Tomasulo's algorithm *
reservation station *
common data bus *
tag *
register renaming (aliasing)
Recall that because we do not have an infinite number of registers, we need to use the same register to hold different values at different times in the flow of the program. Due to the nature of out-of-order execution processing, it is likely that two instruction that write to the same register could be active at the same time. Thus it is important to separately identify each INSTANCE of each destination write. We do this by assigning a tag (usually a physical register number) to each destination operand. In Tomasulo's time, that tag was referred to as an alias. Recall our figure in class – the Greek letters represented tags. Recall the data flow example – the tags correspond to arcs.

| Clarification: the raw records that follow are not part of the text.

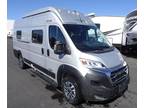 2025 Winnebago Solis BUT59PX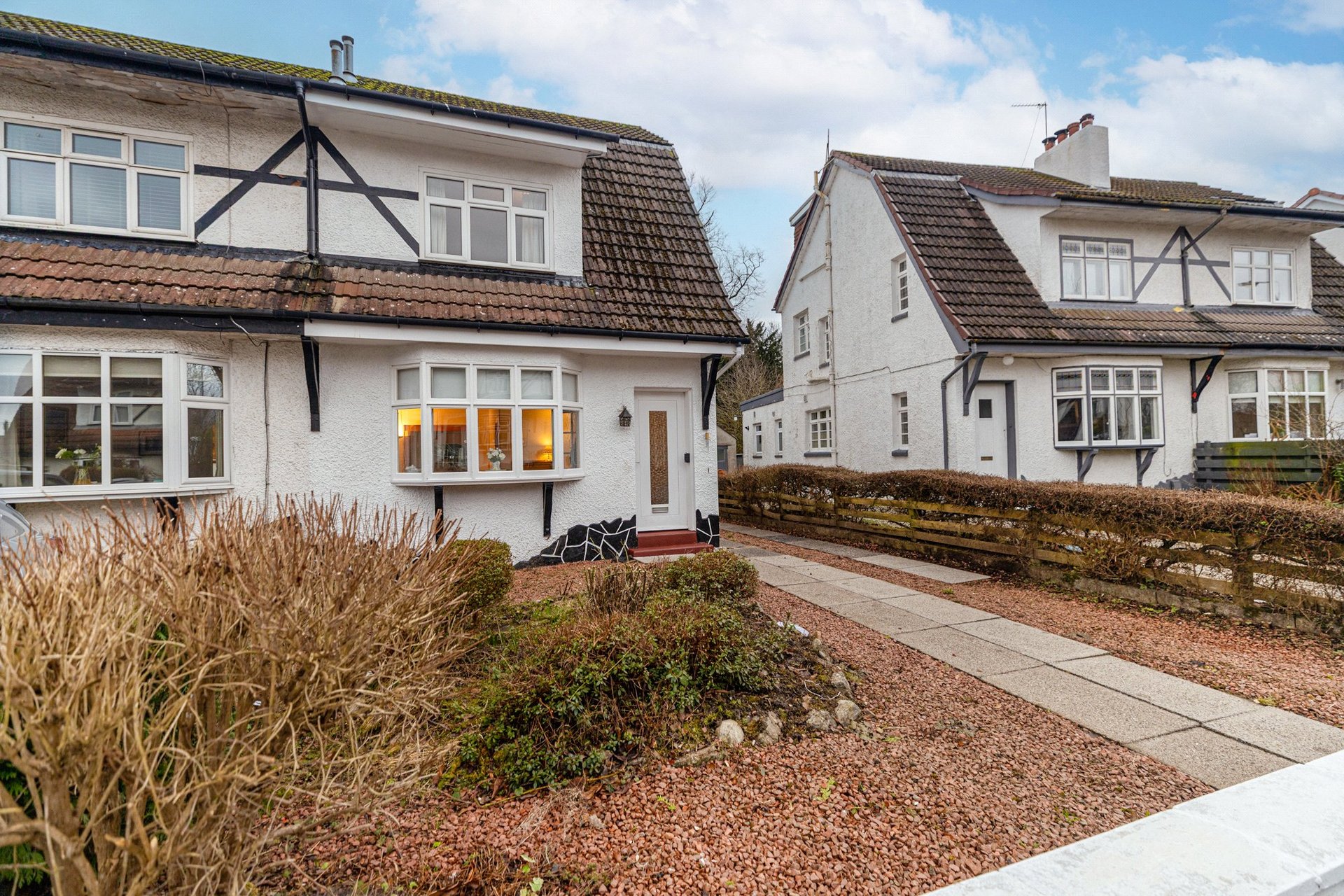 29 Hawthorn Avenue, Bearsden, G61 3NG - Picture #27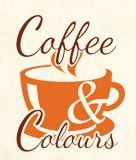 Coffee Colours - Logo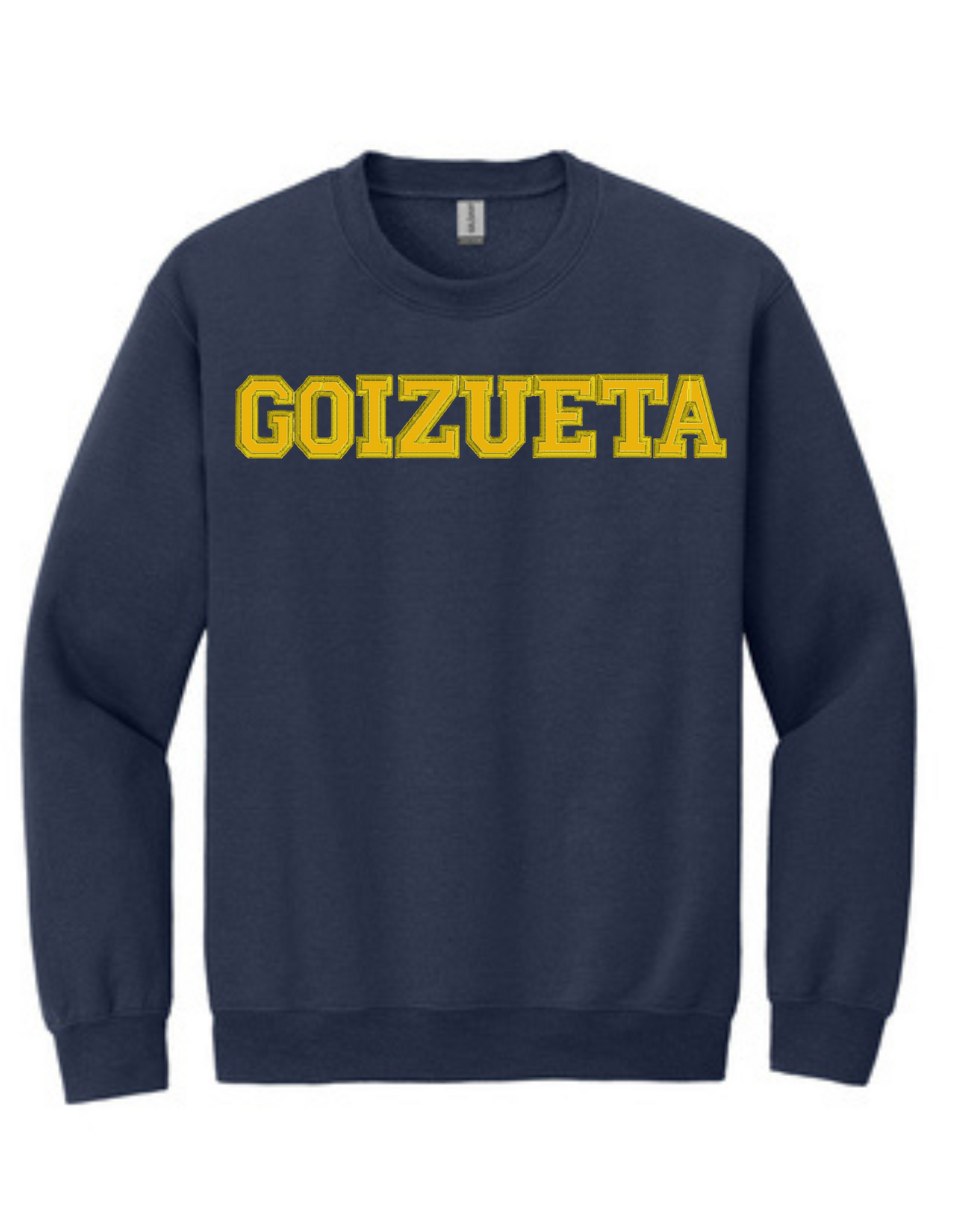Emory Goizueta EMBA '26 Sweatshirts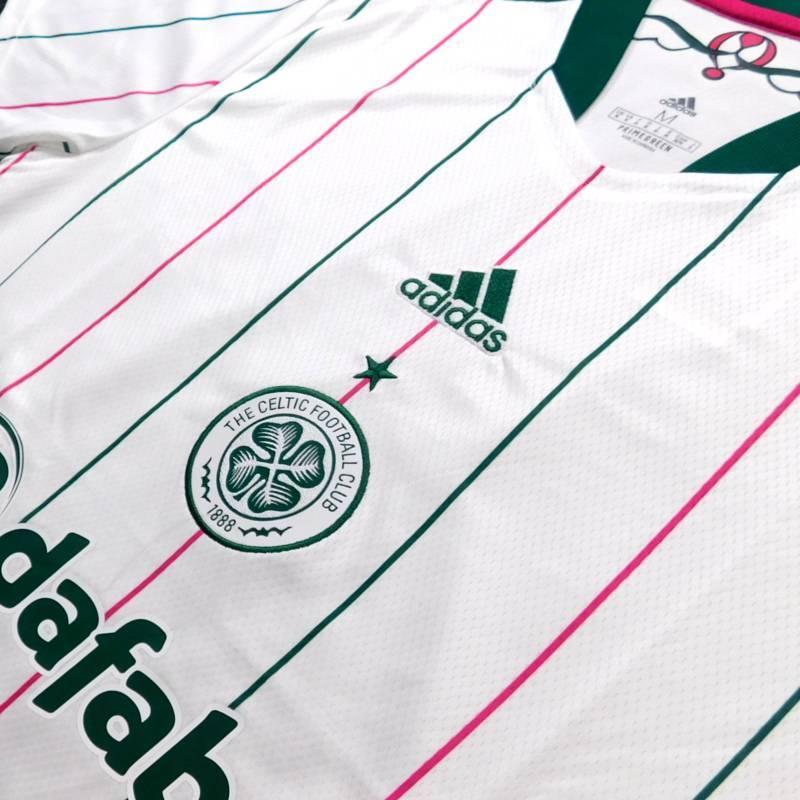 セルティック　21　3rd　半袖　ユニフォーム　ADIDAS　2021シーズン(正規品/メール便可/メーカーコードGT6991) | adidas | 01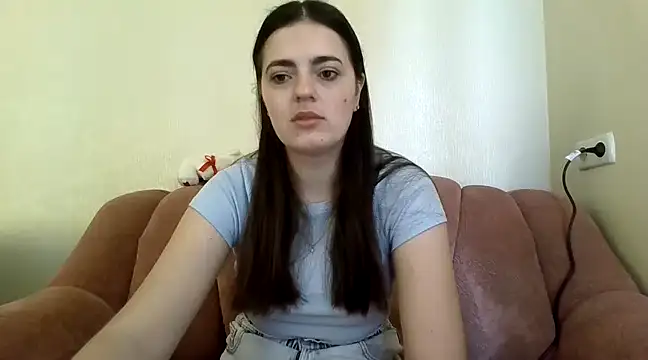 DominikaLoveu online show from March 16, 2025, 7:15 am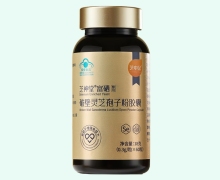 芝神堂富硒酵母破壁灵芝孢子粉胶囊价格对比 芝中金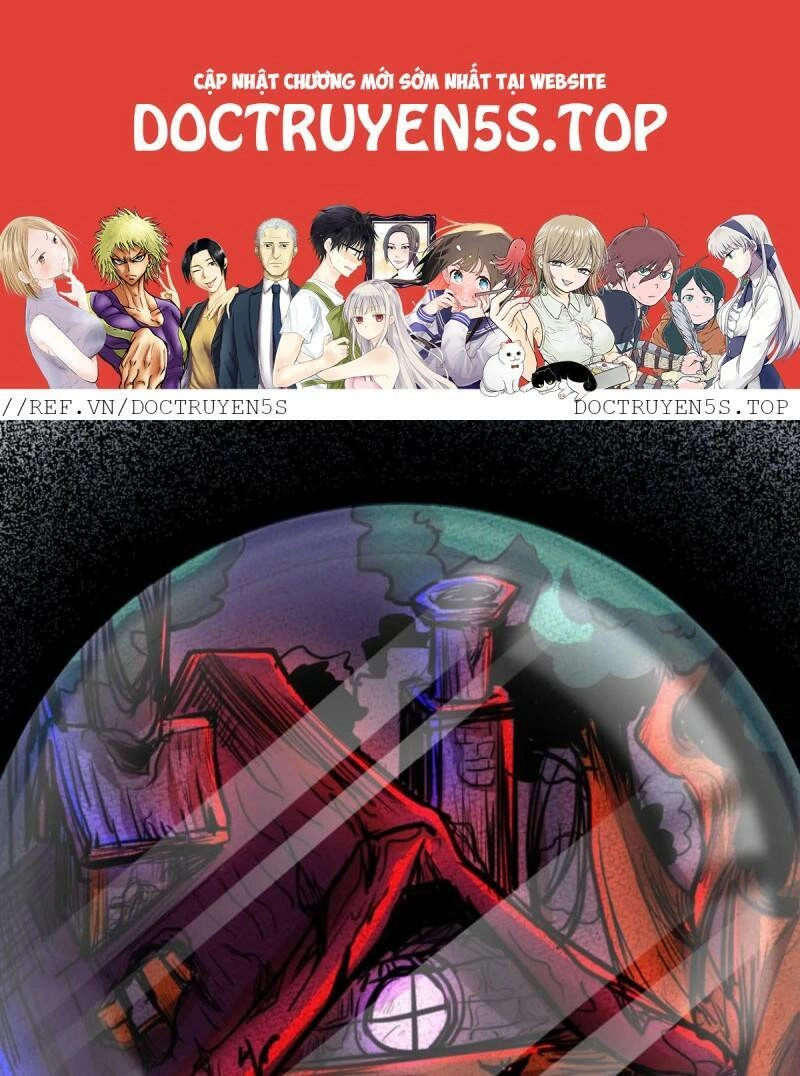 Dược Sư Kì Lạ: Bệnh Nhân Của Tôi Đều Rất Khủng Bố Chapter 146 - 1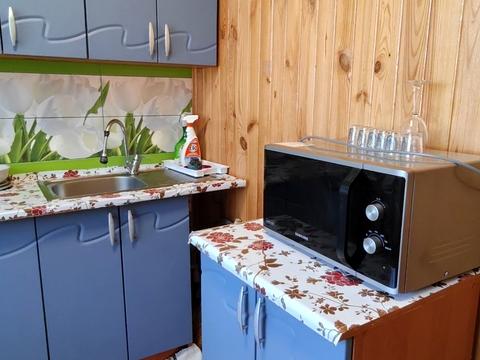 квартира за адресою Миколи Сціборського вул., 21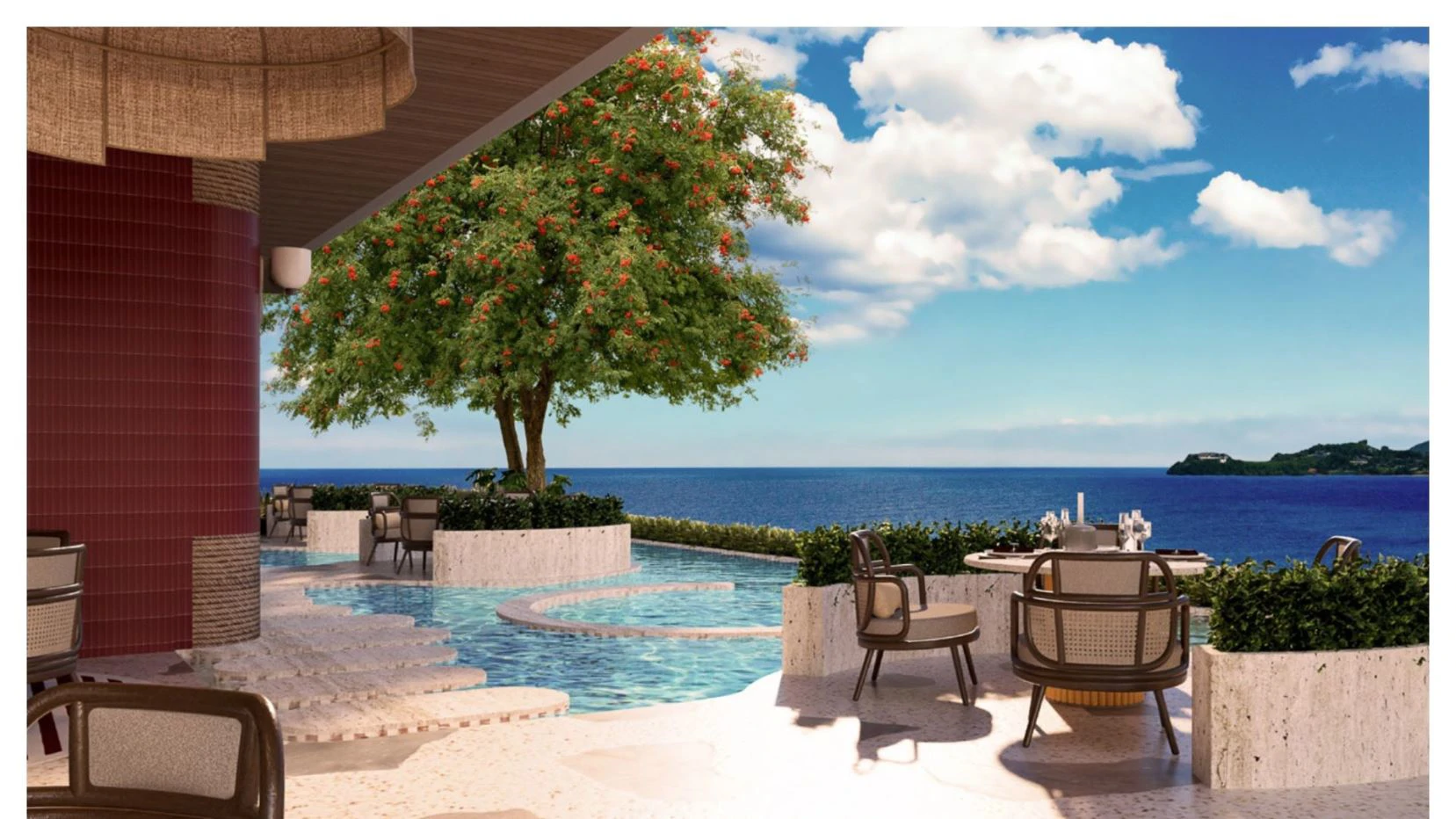 RESIDENTIAL PROJECT - PH NAUTILUS | CANAL-FRONT LIVING & INVESTMENT IN AMADOR - photo 15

retirement (commit, completion)
Important in an out-of-order execution machine, where precise exceptions must be maintained. Instructions execute when they are ready, but they must commit their results in the order of the program (in program order) – hence the term “in-order retirement.” We use the word retire or commit to designate that act of permanently changing the destination register.
in-order retirement *
reorder buffer (ROB)
A convenient register file that allows destination writes to take place in any order, but reads for the purpose of retirement must be done in program order.
architectural/physical register
Architectural registers are what the software knows about. Physical registers are internal storage that the microarchitecture uses to maintain the correctness of the execution. The re-order buffer for example is a file of physical registers.
address unknown problem (memory disambiguation problem)
A ST instruction has an addressing mode that requires the contents of a register. A younger LD instruction has a known address. Can the load take place before the store. It depends on whether the addresses they are accessing are different. What if the address associated with the store is not yet known. We have a problem. Maybe yes, maybe no. I called it the unknown address problem. Josh Fisher carried the day with his name for it: memory disambiguation. The requirement to disambiguate these two address. That is what everyone calls it today. What to do about it:
memory order buffer (MOB)
The structure that keeps track of the memory accesses so as to be able to quickly tell if there is a disambiguation problem.
data flow *
data flow graph *
nodes *
edges *

Vector Processors

vectorizable *
vector processing *
single instruction multiple data (SIMD) *
array processing *
vector register *
vector length register *
stride *
vector stride register *
vector chaining *
load/store pipe
scalar computer *
superscalar processor
A processor that fetches more than one instruction at a time and by virtue of the logic it entails (multiple decode, branch prediction, out-of-order execution) is able to obtain (hopefully) an IPC greater than 1. Note: it does not have to obtain an IPC greater than 1. Rather it has the enablements to accomplish that. Some have argued that as long as more than one instruction is being fetched and decoded each cycle, and that number is determined at run-time, it is a superscalar processor. The name derives from the fact that before these multiple fetch processors came around, the only processors that had an IPC greater than one were vector processors. Ergo this scalar processor that provides in some sense capability previously reserved for vector processors were not simply scalar processors, they were super scalar processors.
backup registers *
loop buffers *
software managed cache *
stripmining *
Flynn's bottleneck
As long as we fetch one instruction at a time into our pipeline, we can never get an IPC at the other end of the pipeline greater than one.
loop unrolling (software pipelining)
The name given to the process of executing multiple loop interations before encountering a branch. For example, a loop that iterates ten times could be unrolled once, such that each iteration now consists of what was before two iterations. That is, the code would do iteration one, iteration two, and then test to see whether to branch back. The technique is used in those cases where results produced in one iteration are needed by the next iteration, wherein if the loop is enrolled the whole second iteration does not have to wait for the completion of the whole first iteration.